= THE TASK =
Lift out, unaltered, the lines of the material below between the line holding "Jessica Simpson Dameera" and the line holding "MOSAYT Placemats Set", counting both.
───
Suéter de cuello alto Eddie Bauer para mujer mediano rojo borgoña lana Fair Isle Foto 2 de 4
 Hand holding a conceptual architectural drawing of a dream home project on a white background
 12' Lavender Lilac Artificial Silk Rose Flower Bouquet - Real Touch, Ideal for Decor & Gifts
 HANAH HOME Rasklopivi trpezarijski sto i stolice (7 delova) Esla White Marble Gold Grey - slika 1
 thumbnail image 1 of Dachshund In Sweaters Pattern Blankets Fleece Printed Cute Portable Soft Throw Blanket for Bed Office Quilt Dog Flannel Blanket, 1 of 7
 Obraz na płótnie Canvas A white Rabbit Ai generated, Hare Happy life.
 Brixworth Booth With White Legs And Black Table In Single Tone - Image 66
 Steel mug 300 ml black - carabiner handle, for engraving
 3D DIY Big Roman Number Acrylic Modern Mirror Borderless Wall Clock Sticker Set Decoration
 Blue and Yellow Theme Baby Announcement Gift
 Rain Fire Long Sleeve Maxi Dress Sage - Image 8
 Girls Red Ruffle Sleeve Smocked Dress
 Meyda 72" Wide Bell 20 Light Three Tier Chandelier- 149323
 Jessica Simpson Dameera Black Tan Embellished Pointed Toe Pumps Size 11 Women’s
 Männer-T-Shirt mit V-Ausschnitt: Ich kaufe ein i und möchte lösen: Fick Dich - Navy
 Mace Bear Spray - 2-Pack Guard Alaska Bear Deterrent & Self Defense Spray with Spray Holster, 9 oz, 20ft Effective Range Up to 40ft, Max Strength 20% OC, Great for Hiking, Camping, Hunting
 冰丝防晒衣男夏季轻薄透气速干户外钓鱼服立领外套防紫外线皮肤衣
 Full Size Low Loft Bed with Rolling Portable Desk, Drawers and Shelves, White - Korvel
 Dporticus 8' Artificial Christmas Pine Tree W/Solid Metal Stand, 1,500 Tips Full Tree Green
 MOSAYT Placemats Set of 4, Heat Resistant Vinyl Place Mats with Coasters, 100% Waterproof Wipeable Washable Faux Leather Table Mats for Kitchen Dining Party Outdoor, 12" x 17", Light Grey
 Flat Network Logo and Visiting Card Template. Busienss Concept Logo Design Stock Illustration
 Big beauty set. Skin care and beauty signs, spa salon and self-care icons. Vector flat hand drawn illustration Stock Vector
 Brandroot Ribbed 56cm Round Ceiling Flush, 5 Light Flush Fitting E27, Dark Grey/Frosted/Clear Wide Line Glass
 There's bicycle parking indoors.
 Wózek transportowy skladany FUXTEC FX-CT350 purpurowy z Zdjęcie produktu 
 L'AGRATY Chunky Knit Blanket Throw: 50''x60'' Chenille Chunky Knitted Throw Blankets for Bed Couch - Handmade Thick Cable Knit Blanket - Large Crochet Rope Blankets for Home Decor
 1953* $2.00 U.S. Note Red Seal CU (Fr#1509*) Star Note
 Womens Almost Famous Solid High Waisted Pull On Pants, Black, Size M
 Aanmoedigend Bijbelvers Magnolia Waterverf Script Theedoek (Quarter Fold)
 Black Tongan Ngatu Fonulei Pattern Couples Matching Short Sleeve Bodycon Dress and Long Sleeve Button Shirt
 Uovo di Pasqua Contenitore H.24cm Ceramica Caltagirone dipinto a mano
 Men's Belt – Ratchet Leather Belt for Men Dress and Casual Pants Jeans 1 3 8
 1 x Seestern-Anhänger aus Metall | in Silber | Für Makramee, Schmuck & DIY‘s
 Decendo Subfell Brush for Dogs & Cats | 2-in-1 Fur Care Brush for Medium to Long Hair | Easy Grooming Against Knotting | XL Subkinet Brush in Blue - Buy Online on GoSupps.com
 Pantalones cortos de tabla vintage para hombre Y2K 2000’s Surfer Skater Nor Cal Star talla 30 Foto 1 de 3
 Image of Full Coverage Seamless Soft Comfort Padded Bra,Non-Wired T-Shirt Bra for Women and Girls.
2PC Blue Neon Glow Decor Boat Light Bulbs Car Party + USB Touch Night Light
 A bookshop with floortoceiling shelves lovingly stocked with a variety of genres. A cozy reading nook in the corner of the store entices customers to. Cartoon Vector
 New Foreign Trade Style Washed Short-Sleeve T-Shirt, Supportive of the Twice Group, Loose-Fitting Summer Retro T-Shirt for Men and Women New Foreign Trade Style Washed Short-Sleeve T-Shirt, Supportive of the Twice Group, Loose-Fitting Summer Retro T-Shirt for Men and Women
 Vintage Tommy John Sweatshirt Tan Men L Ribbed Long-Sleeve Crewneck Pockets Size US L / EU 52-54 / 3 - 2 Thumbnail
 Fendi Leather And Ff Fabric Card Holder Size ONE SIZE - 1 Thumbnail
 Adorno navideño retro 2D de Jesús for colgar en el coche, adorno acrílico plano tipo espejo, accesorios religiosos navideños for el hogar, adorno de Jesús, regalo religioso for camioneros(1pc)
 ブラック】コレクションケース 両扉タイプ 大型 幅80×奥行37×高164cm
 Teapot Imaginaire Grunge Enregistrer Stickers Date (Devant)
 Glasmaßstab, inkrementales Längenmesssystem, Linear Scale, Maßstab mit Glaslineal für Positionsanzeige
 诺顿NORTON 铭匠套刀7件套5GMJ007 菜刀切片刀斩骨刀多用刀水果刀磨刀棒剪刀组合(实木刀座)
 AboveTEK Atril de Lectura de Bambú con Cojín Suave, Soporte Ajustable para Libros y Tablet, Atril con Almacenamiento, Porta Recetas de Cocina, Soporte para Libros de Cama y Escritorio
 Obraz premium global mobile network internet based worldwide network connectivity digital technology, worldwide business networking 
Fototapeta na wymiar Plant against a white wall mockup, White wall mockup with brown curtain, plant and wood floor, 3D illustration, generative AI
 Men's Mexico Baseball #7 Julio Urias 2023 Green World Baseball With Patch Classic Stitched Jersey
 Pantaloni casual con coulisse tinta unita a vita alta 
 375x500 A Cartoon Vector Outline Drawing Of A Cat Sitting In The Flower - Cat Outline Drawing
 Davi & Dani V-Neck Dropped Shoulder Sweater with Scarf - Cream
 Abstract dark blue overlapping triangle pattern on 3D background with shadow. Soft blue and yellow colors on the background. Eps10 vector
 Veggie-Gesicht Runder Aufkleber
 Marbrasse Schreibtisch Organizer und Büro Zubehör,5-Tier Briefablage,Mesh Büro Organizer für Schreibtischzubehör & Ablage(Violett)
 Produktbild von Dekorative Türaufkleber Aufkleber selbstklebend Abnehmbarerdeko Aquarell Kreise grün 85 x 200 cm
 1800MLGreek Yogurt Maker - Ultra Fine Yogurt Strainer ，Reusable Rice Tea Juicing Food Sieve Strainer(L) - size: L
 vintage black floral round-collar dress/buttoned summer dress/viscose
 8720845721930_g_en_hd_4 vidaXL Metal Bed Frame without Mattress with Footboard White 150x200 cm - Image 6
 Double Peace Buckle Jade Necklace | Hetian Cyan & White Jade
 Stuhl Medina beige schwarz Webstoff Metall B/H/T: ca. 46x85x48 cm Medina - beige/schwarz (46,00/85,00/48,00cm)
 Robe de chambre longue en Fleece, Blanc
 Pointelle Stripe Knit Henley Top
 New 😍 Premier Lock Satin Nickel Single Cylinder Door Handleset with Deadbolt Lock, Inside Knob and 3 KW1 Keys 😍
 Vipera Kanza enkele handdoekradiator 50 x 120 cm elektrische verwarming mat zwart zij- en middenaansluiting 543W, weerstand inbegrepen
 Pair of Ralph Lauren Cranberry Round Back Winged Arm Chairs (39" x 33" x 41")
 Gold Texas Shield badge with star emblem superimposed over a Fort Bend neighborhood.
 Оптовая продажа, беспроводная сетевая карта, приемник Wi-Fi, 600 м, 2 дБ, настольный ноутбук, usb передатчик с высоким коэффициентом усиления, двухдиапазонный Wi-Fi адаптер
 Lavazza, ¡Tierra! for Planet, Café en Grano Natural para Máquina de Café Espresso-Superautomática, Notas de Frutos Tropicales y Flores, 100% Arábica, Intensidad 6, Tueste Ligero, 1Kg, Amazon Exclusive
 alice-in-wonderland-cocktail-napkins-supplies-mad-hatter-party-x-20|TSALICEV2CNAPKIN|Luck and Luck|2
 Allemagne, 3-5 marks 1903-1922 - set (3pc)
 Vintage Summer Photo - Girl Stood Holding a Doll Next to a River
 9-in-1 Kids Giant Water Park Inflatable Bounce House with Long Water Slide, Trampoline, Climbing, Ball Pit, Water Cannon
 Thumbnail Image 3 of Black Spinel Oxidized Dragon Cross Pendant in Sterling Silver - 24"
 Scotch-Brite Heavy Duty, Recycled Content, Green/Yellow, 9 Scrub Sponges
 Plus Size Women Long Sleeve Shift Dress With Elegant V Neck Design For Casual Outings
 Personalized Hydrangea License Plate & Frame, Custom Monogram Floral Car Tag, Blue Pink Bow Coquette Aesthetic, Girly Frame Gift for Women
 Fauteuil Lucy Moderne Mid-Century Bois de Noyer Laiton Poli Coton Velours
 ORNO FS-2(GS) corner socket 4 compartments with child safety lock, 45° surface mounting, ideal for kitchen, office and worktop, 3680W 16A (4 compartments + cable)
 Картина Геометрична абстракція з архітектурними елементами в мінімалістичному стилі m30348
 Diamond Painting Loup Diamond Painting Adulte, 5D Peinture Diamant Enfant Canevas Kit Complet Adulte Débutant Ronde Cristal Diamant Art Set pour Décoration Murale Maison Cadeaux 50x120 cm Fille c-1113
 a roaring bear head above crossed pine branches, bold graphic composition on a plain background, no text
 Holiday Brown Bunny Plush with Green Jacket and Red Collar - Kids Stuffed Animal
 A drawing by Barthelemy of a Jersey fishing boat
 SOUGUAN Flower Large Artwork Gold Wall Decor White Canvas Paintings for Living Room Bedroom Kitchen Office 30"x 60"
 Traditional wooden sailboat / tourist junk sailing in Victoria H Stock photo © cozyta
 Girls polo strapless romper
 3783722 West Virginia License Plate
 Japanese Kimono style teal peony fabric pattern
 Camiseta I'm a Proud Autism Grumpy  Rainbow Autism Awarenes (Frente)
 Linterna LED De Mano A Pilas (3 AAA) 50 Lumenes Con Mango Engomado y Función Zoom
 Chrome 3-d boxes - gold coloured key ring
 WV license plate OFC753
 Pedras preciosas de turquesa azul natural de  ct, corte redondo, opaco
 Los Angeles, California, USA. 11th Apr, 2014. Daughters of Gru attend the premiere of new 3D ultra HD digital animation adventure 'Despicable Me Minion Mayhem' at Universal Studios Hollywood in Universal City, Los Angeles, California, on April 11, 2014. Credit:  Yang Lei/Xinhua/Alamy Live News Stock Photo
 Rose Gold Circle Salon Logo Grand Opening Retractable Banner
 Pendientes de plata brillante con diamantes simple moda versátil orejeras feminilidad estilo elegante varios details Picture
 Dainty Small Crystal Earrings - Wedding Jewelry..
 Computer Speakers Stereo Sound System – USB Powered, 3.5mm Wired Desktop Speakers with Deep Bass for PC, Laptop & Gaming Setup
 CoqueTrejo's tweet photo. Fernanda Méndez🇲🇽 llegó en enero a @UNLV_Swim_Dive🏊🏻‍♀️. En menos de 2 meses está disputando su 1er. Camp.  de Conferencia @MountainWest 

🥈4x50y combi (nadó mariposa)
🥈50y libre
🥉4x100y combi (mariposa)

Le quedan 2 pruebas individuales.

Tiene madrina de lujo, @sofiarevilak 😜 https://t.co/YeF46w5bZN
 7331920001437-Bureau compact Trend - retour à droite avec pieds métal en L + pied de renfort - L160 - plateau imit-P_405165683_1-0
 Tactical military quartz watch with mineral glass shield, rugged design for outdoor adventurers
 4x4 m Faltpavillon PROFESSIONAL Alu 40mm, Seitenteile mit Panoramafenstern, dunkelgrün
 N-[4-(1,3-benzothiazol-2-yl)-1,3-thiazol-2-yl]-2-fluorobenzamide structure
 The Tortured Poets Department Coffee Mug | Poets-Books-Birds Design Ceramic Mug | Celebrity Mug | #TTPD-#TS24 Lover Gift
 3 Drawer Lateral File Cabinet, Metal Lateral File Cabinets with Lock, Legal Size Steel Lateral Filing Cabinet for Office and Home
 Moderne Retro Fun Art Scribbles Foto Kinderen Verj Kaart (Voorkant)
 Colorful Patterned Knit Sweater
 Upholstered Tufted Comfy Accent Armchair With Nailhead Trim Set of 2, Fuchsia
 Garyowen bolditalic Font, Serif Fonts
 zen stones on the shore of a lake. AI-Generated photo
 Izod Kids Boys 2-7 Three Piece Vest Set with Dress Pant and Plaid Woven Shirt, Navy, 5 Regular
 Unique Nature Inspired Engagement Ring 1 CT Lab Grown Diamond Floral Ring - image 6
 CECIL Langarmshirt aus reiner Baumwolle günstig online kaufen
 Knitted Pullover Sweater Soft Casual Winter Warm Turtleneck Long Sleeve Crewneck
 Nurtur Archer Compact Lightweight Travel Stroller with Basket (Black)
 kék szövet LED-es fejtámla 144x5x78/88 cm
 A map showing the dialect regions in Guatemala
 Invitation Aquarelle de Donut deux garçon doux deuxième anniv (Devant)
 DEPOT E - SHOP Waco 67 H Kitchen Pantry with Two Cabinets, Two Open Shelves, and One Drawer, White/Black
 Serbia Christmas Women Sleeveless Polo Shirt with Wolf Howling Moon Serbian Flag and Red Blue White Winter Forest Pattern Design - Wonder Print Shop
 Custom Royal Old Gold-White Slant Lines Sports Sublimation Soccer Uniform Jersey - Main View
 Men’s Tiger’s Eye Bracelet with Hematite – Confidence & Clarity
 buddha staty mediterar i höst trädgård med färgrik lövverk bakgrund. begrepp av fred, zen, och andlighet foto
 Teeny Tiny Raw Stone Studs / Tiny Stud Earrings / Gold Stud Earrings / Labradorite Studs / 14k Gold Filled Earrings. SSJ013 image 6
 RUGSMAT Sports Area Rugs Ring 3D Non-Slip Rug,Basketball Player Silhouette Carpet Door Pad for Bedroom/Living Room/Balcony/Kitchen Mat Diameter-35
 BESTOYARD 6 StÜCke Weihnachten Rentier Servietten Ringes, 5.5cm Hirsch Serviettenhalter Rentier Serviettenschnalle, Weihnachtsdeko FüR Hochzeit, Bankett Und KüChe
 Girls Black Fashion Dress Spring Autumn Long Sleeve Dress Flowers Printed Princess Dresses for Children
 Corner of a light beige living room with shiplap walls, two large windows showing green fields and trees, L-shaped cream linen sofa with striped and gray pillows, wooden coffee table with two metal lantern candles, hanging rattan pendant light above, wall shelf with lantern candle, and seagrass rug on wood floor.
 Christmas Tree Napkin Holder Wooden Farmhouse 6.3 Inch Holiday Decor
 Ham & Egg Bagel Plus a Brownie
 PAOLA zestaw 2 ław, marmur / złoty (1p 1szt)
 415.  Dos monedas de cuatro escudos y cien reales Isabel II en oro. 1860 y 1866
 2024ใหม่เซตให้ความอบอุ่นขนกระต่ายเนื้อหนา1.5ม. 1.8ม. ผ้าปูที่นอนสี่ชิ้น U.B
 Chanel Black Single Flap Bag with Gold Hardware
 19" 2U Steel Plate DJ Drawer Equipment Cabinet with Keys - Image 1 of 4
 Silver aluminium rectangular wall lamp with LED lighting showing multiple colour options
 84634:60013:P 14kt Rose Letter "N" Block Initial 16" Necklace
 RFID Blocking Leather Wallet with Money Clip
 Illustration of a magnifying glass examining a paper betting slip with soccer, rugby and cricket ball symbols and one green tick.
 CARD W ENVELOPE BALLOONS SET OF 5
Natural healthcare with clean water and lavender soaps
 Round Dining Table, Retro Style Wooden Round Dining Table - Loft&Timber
───
= COMPLETED EXERCISE =
 Jessica Simpson Dameera Black Tan Embellished Pointed Toe Pumps Size 11 Women’s
 Männer-T-Shirt mit V-Ausschnitt: Ich kaufe ein i und möchte lösen: Fick Dich - Navy
 Mace Bear Spray - 2-Pack Guard Alaska Bear Deterrent & Self Defense Spray with Spray Holster, 9 oz, 20ft Effective Range Up to 40ft, Max Strength 20% OC, Great for Hiking, Camping, Hunting
 冰丝防晒衣男夏季轻薄透气速干户外钓鱼服立领外套防紫外线皮肤衣
 Full Size Low Loft Bed with Rolling Portable Desk, Drawers and Shelves, White - Korvel
 Dporticus 8' Artificial Christmas Pine Tree W/Solid Metal Stand, 1,500 Tips Full Tree Green
 MOSAYT Placemats Set of 4, Heat Resistant Vinyl Place Mats with Coasters, 100% Waterproof Wipeable Washable Faux Leather Table Mats for Kitchen Dining Party Outdoor, 12" x 17", Light Grey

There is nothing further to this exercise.